Demo Mahasiswa Aru
Mahasiswa Pulau Aru - Maluku Demo dengan Kostum Pakaian Adat
Puluhan mahasiswa yang tergabung dalam Perhimpunan Mahasiswa Pulau Aru (Permru) berunjuk rasa di gedung Gubernur Maluku dengan mengenakan kostum pakai
Penulis: Risman Serang | Editor: Adjeng Hatalea
Laporan Kontributor Tribunambon.com Risman serang
AMBON, TIBUNAMBON.COM – Puluhan mahasiswa yang tergabung dalam Perhimpunan Mahasiswa Pulau Aru (Permru) berunjuk rasa di gedung Gubernur Maluku dengan mengenakan kostum pakaian adat, Senin (13/9/2021).
Pantauan TribunAmbon.com di lapangan, para demonstran ini datang dengan berbagai atribut demo.
Salah satu yang menarik, yakni kostum pakaian adat yang dilengkapi dengan peralatan perang seperti busur panah yang terbuat dari kayu.
Pada bagian kepala diikatkan kain merah atau yang disebut dengan kain berang.
Ikat kepala ini diakui sebagai identitas laki-laki dalam Suku Huaulu, juga sebagai ornamen wajib ketika para lelaki akan berangkat untuk berperang.
Dalam aksi itu, para pendemo dalam pakaian adat itu juga menampilkan tarian tradisional asal Kepulauan Aru.
Tarian itu dimaknai sebagai eksistensi laku-laki yang menjaga harkat dan martabat kaum perempuan dan batas wilayah atau tanah adatnya.
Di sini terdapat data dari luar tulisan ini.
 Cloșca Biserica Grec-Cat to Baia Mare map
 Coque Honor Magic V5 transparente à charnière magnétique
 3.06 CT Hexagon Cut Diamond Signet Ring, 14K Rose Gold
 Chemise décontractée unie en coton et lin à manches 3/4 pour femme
Tarian tersebut juga menjadi representative perlawanan mahasiswa Aru terhadap pemerintah atas pengesahan pembangunan bandara di atas tanah adat leluhur mereka.
Adapun tuntutan aksi yang disampaikan para demonstran, yakni meminta Pemerintah Daerah (Pemda) Maluku untuk mengembalikan tanah adat mereka.
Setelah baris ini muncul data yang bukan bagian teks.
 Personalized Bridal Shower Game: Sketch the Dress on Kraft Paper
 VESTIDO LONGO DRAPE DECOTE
Massa juga membawa sejumlah poster bertuliskan ‘Save Marafenfen’ yang merupakan tanah adat masyarakat Kabupaten Kepulauan Aru, Maluku.

Puluhan mahasiswa ini juga secara bergantian berorasi menyuarakan aspirasi mereka.
Seorang orator aksi dalam orasinya menyatakan, tanah adat di Desa Marafenfen, Kabupaten Kepuluan Aru dibatasi kepemilikan tanah, karana pembangunan bandara TNI Angkatan Laut di atas tanah tersebut.
Pendemo tak terima hutan adatnya direnggut, kehidupan hewan endemic, seperti Burung Cendrawasih, Kakatua juga terancam karena penggusuran yang dilakukan.
Mereka juga meminta Gubernur Maluku, Murad Ismail untuk segera mencabut SK TNI AL yang dikeluarkan pada 22 Januari 1992 agar tanah adat bisa diselamatkan.